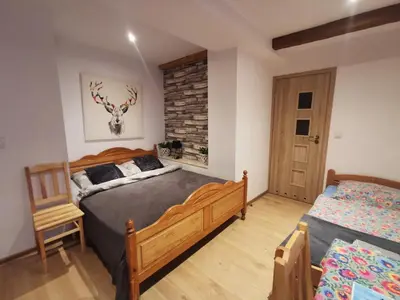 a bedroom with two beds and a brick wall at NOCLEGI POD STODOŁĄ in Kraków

◇ ◇ ◇ ◇ ◇ ◇ ◇

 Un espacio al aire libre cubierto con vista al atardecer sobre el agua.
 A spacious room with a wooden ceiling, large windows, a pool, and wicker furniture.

◇ ◇ ◇ ◇ ◇ ◇ ◇

About this task: Reproduce exactly the lines of the records above from the one with "Un espacio al" to the one with "A spacious room", both included, and leave out everything else.

Response for this exercise:
 Un espacio al aire libre cubierto con vista al atardecer sobre el agua.
 A spacious room with a wooden ceiling, large windows, a pool, and wicker furniture.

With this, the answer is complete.